*Material provided*
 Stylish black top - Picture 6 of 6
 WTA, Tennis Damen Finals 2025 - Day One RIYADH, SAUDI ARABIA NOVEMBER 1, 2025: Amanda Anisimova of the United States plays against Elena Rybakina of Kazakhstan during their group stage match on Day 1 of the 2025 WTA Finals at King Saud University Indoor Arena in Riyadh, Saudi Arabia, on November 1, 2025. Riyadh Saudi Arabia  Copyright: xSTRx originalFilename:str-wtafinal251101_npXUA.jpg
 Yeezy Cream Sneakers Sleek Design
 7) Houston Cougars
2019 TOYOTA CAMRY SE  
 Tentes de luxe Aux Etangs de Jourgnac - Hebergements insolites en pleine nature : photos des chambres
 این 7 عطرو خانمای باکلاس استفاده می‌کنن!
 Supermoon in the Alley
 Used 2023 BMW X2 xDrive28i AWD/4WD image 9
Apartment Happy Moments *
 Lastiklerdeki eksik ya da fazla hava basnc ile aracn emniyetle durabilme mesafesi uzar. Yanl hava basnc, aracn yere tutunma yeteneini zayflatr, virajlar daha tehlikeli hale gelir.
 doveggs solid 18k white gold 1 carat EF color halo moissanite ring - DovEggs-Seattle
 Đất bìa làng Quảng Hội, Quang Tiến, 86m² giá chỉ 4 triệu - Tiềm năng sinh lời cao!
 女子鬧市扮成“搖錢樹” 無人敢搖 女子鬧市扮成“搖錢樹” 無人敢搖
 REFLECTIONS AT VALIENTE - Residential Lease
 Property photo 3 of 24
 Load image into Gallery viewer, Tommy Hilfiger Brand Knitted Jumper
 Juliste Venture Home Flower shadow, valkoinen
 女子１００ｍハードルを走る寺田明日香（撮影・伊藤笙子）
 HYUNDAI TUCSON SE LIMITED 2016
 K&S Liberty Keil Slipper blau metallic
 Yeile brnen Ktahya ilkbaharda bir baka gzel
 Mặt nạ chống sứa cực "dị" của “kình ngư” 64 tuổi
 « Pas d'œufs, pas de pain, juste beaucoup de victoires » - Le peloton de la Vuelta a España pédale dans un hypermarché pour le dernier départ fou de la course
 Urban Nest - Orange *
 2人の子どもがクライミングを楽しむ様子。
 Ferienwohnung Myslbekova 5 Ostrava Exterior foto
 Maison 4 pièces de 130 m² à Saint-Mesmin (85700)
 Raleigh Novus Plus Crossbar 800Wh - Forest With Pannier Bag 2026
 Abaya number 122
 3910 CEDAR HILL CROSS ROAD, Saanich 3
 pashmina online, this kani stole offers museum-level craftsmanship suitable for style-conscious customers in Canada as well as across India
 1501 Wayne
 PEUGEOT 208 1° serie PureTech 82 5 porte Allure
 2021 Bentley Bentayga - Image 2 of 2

*Activity*
Begin at the first line of the records above and restate each line word for word, stopping after the line with "Lastiklerdeki eksik ya".

*Your response*
 Stylish black top - Picture 6 of 6
 WTA, Tennis Damen Finals 2025 - Day One RIYADH, SAUDI ARABIA NOVEMBER 1, 2025: Amanda Anisimova of the United States plays against Elena Rybakina of Kazakhstan during their group stage match on Day 1 of the 2025 WTA Finals at King Saud University Indoor Arena in Riyadh, Saudi Arabia, on November 1, 2025. Riyadh Saudi Arabia  Copyright: xSTRx originalFilename:str-wtafinal251101_npXUA.jpg
 Yeezy Cream Sneakers Sleek Design
 7) Houston Cougars
2019 TOYOTA CAMRY SE  
 Tentes de luxe Aux Etangs de Jourgnac - Hebergements insolites en pleine nature : photos des chambres
 این 7 عطرو خانمای باکلاس استفاده می‌کنن!
 Supermoon in the Alley
 Used 2023 BMW X2 xDrive28i AWD/4WD image 9
Apartment Happy Moments *
 Lastiklerdeki eksik ya da fazla hava basnc ile aracn emniyetle durabilme mesafesi uzar. Yanl hava basnc, aracn yere tutunma yeteneini zayflatr, virajlar daha tehlikeli hale gelir.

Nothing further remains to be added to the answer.